Belinden iri bir tabanca çıkartıp uzattı:
- Al sana tabanca! Erkeksin, ayağına çizme giyiyor, beline kuşak sarıyorsun. Çizmenin, kuşağın hakkını ver. Karını elinden aldılar, bunun ötesi yok Ramazan!
Elinde tabanca tiril tiril titriyordu.
- Al şunu! diye dayattı.
Zaloğlu elinin tersiyle itti
- Var tabancam sana lazım olur…
- Bana da lazım olabilir ama sana daha önce lazım. Benim tabancam da, topum da, mitralyözüm de seçimler! Seçimleri kazandık mı, ondan sonra seyreyle sen gümbürtüyü!

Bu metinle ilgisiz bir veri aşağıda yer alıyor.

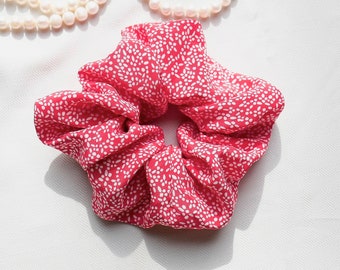 Jumbo Mulberry Silk Scrunchie – miękka różowa gumka do włosów z kwiatowym wzorem, luksusowa gumka do włosów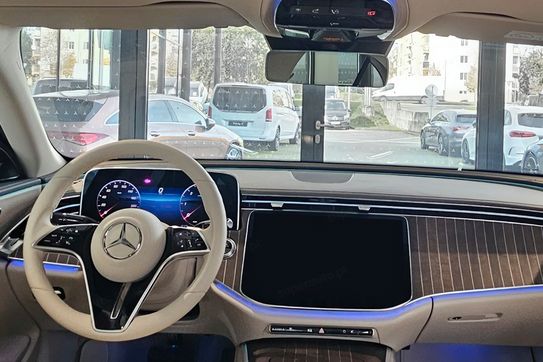 Mercedes Klasa E 220 d 4-Matic Exclusive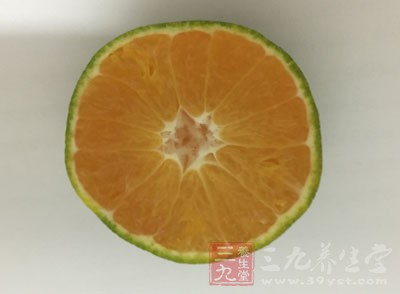 檸檬洗淨，取一個碗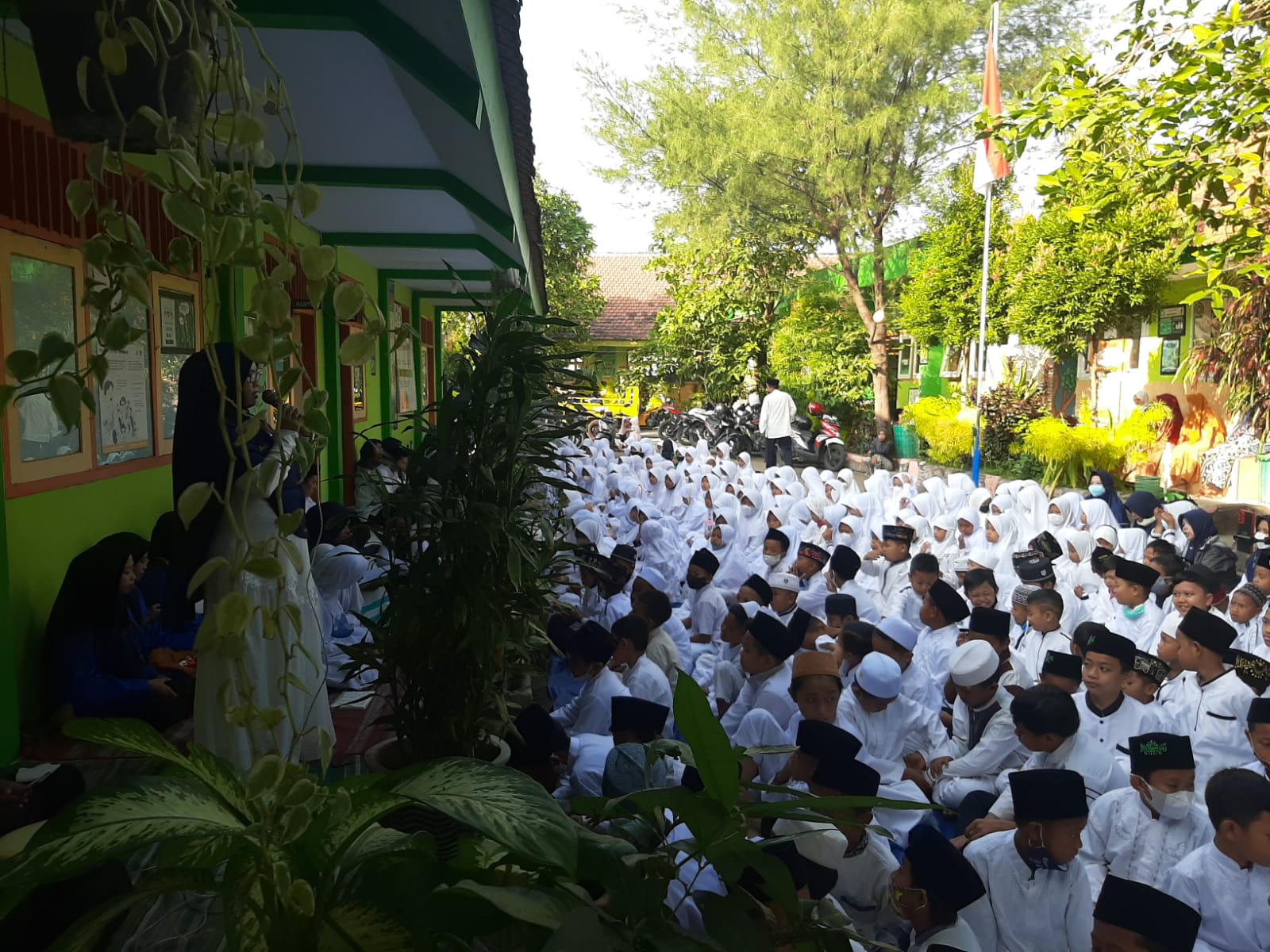 MIN 2 Probolinggo Gelar Jum’at Bershalawat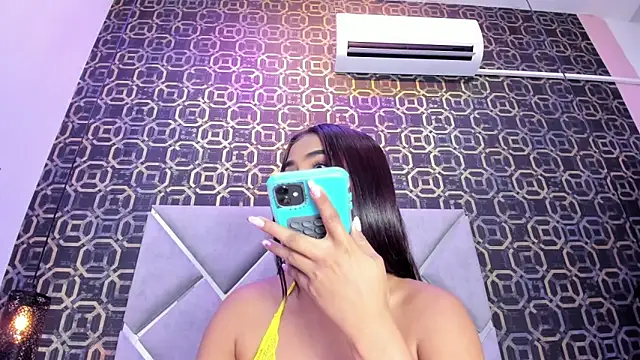 Snapshot of CherryBlossom23 chatting on 12-03-25, 01:02 CherryBlossom23 online show from 12-03-25, 01:02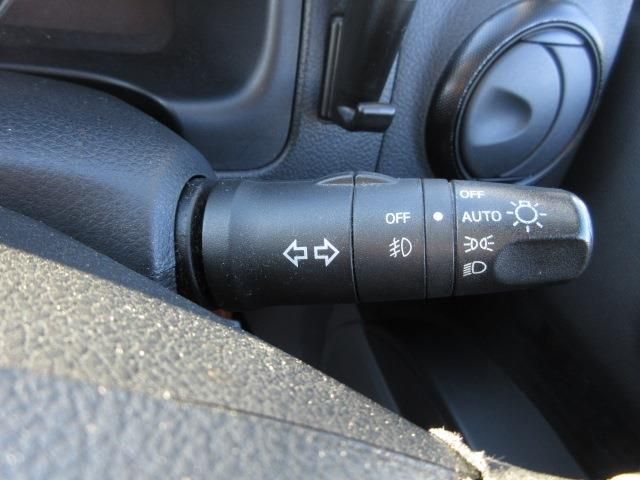 NISSAN NV150 AD 4WD 2018 Image 31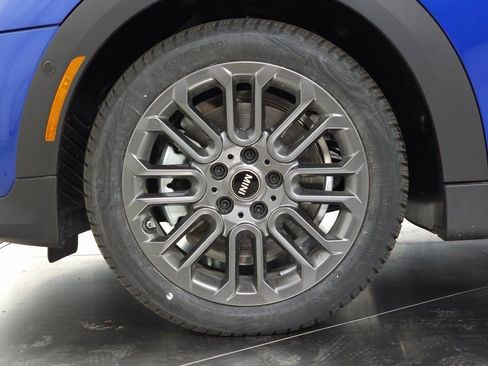 New 2025 MINI Cooper S image 8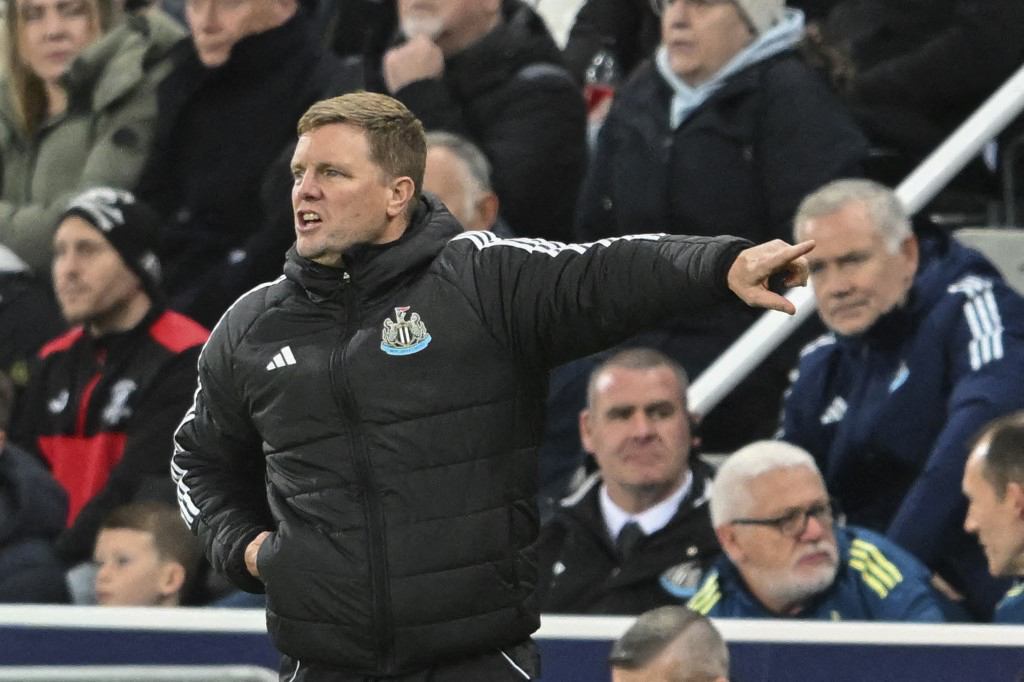 Eddie Howe, Newcastle United Manager, shouts instructions from the sideline during the UCL League Stage match between Newcastle United and S.L. Benfica at St. James's Park in Newcastle, on October 21, 2025.
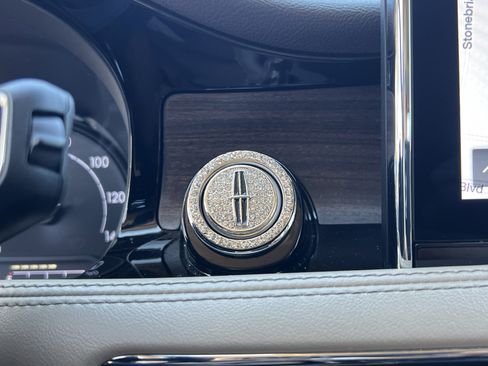 Used 2020 Lincoln Corsair Reserve image 22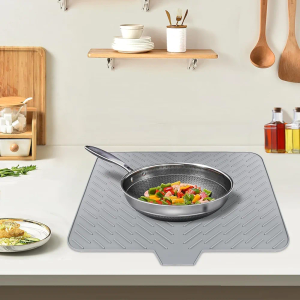 Silicone Dish Drying Mat with Built-in Drain Lip, Dish Drying Mats for Kitchen Counter, Hygienic Ultra Absorbent Dish Drying Pad, Space-Saving Tray Easy to Clean (Grey, L)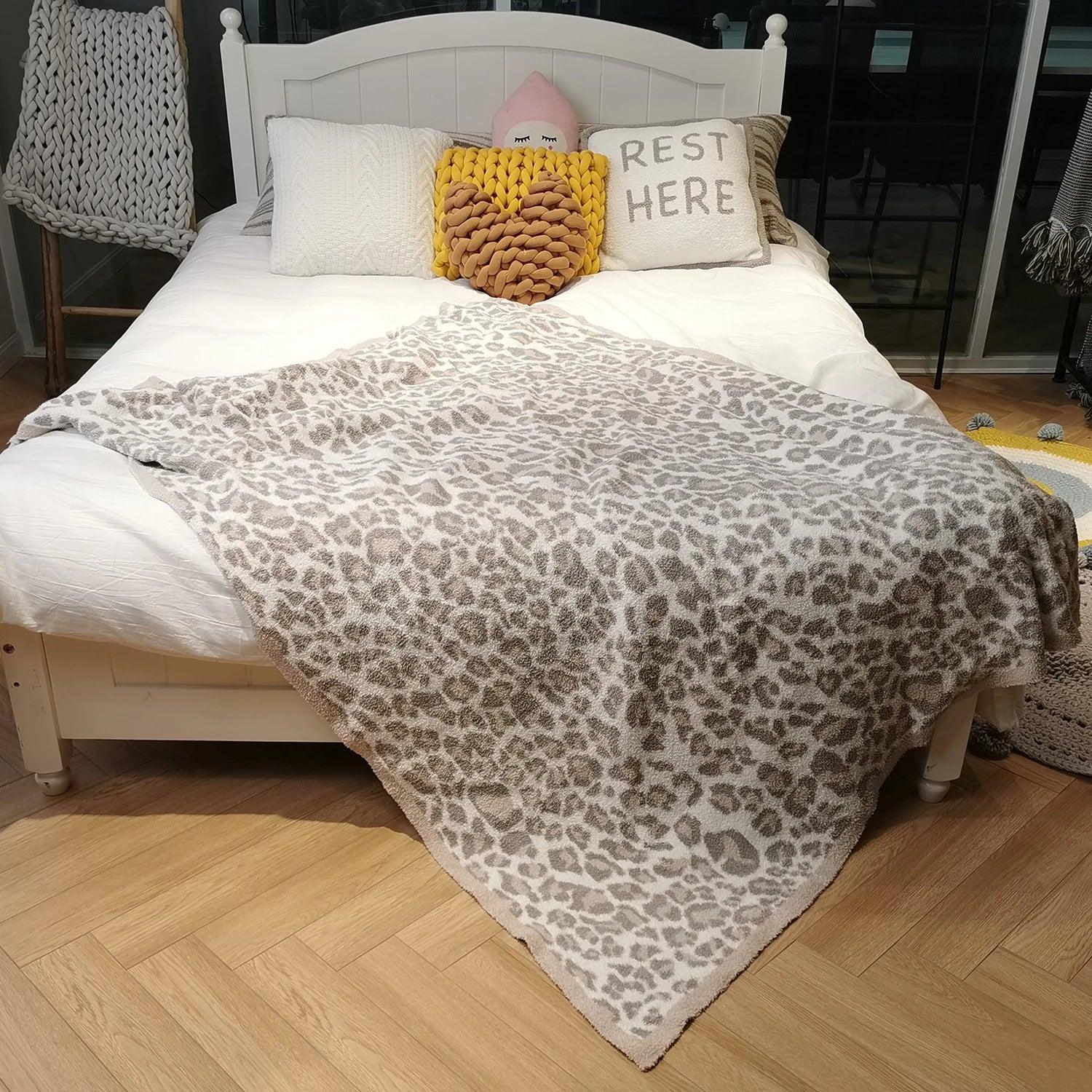 Thick Knitted Leopard Blanket - Timeless Home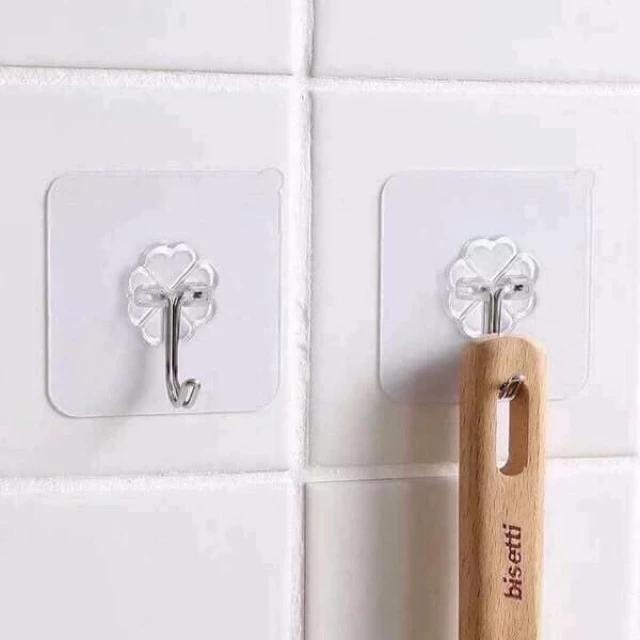 Móc dán tường chịu lực thần thánh 6 x 6cm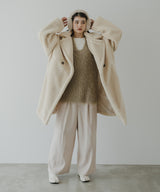 フェザーヤーンVネックベスト【ニット】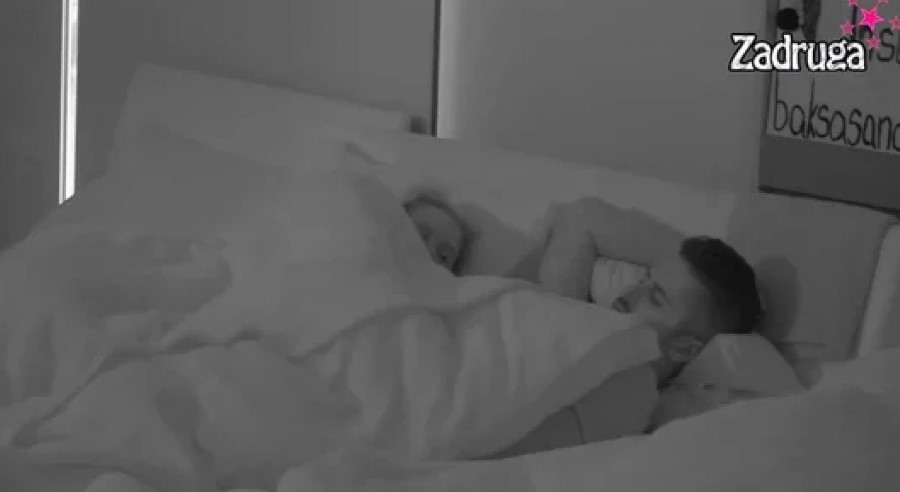 PALA VRELA AKCIJA U ZADRUZI Dodirivala ga po intimnim dijelovima, a evo o kome je riječ (FOTO/VIDEO)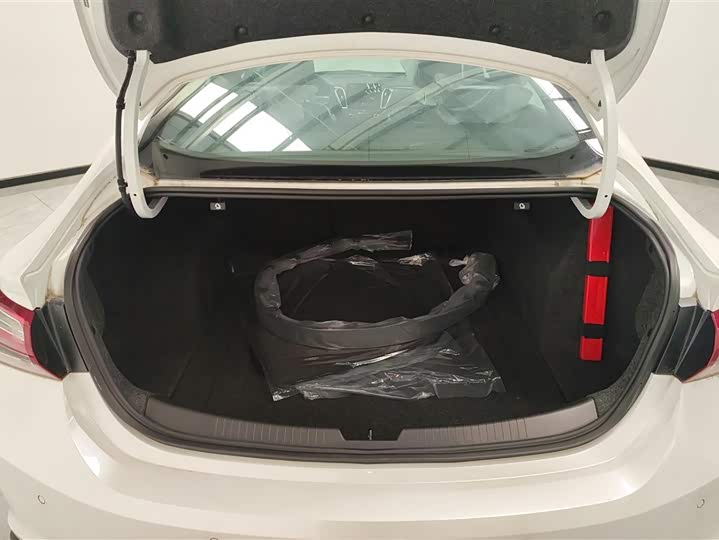 Фото 4 - Chevrolet Malibu XL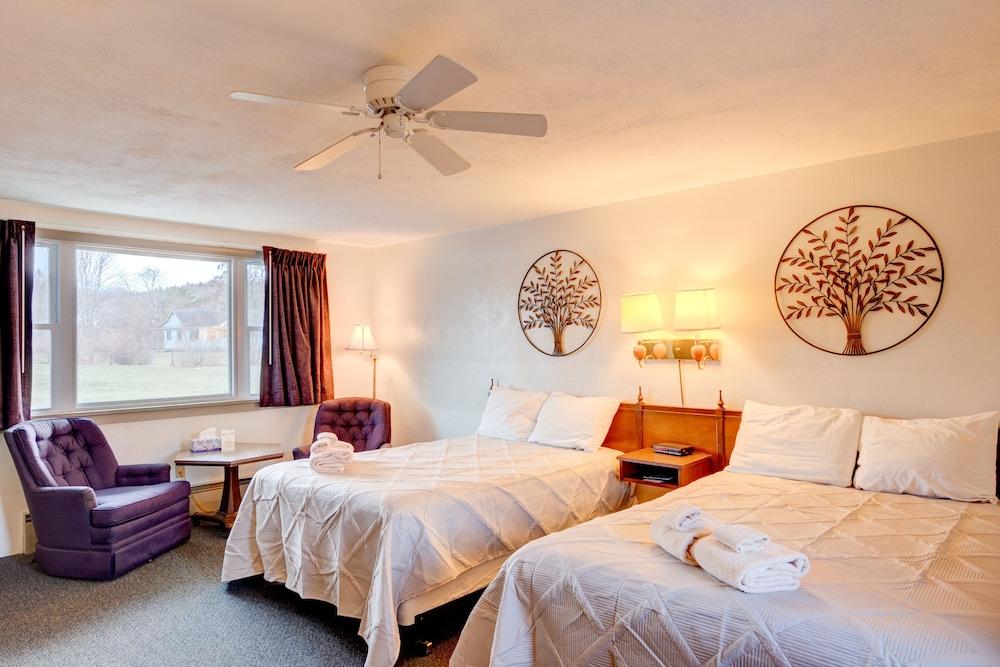 Gale River Motel photo 14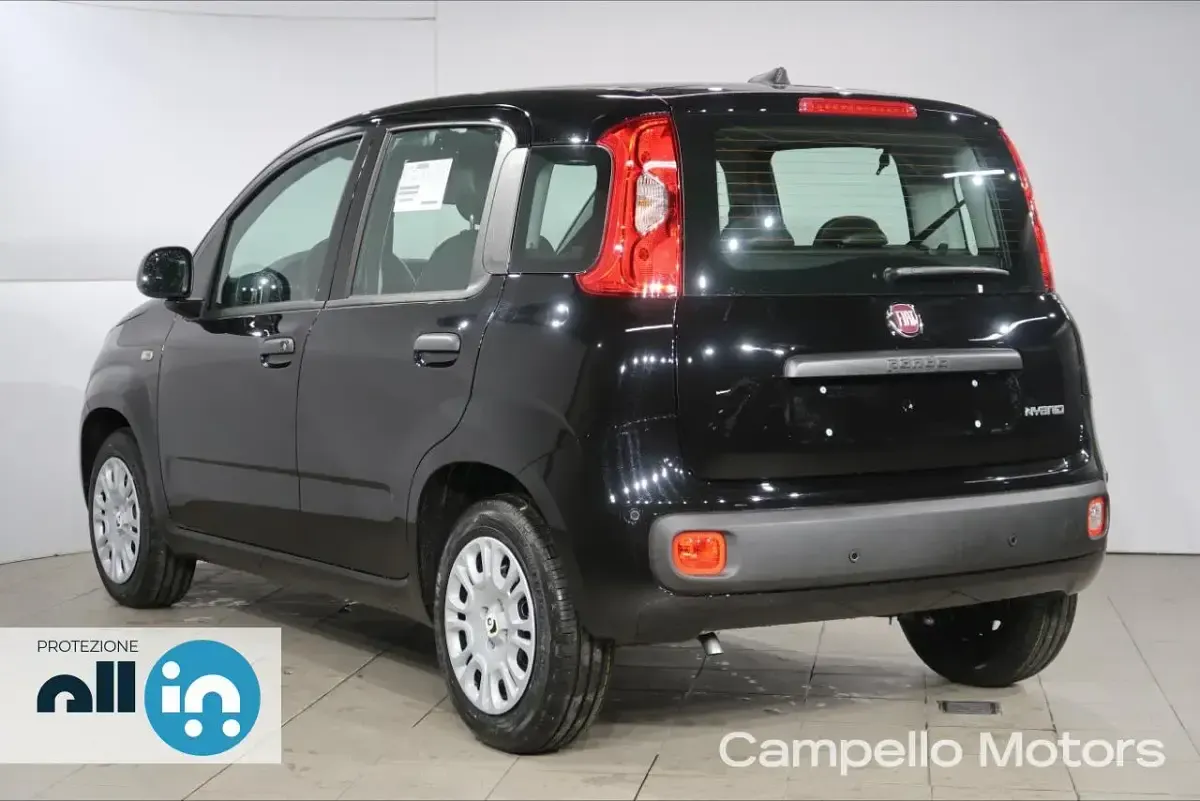 Nuova Fiat Panda 69 CV (50 kW) 2025 Nero cinema Utilitaria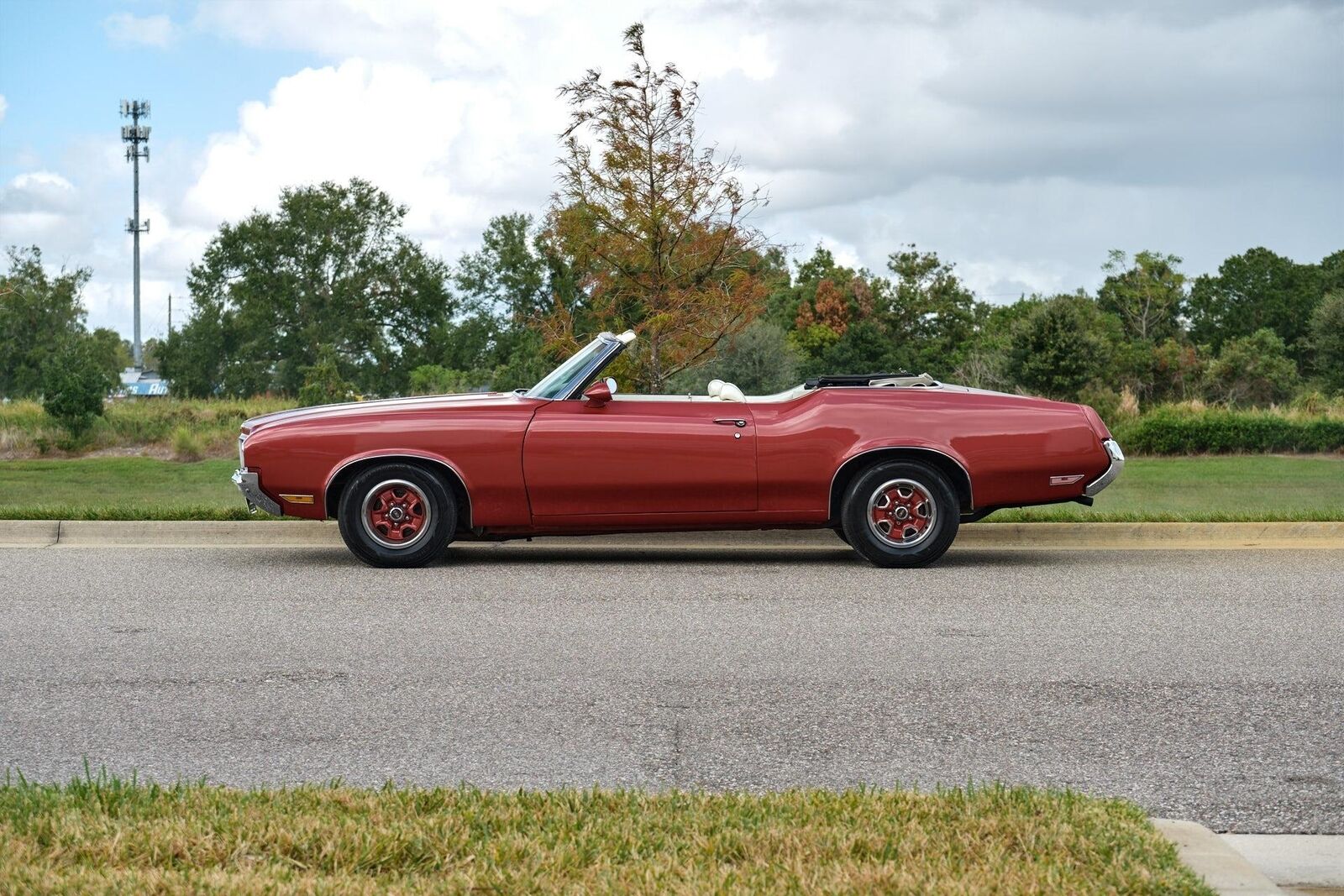 Oldsmobile-Cutlass-1970-CV-Convertible-1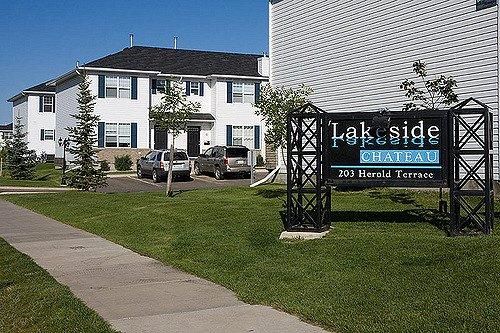 3 Beds & 1.5 Baths Townhouse Style Property In Lakewood Area - Photo 1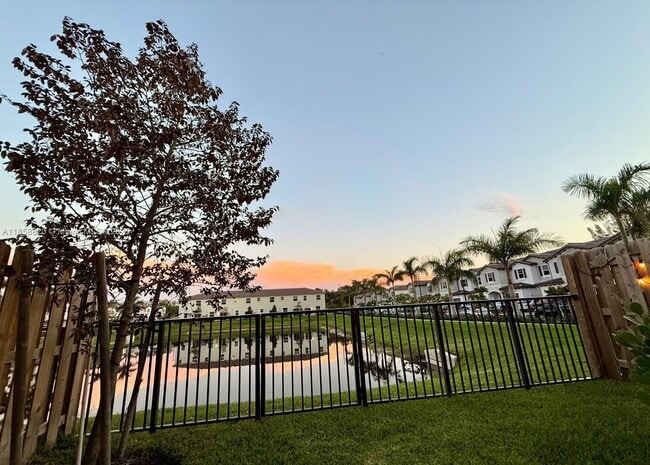 Building Photo - 5534 NW 27th Pl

Elinde tabanca, gözlerini uzaklara, taa uzaklara dikti. Mor dağlar hafif bir tül gerisinde gibiydi. Güneş etrafı kavramış, yakıyor, toprak tutuyordu.
Zaloğlu:
- Seçimleri kazandınız belle... Nolacak? Dedi
Habip gözlerini uzaklardan çekti, Zaloğlu’nun yüzüne öfkeyle baktı:
- Ne mi olacak? Tekmil haksızlıkların hesabı o gün sorulacak.


---------------------------

- Peki peki... dedi, anladık! Altında araba. Gak dedi mi et, guk dedi mi su. Kocanla seni de alacak yanına, anladık. (Dişsiz ağzıyla, yirmisinde ihtiyarlamış bir kızı işaret ederek) Bütün bunlardan buna ne?
Herkes gösterilene baktı.
Muhsin usta, gösterilene bakanları işaret etti bu sefer:
Bunlara ne? Bana ne? Bizlere ne?
Saadete hasret insanlar gözlerini ustaya diktiler. Doğru, doğru sözlerdi. Kendilerine neydi Güllü’yle beraber Reşit ve karısının saadetinden?
Muhsin usta çok daha ağır şeyler söylememek için odasına çekildi, kapıyı örttü.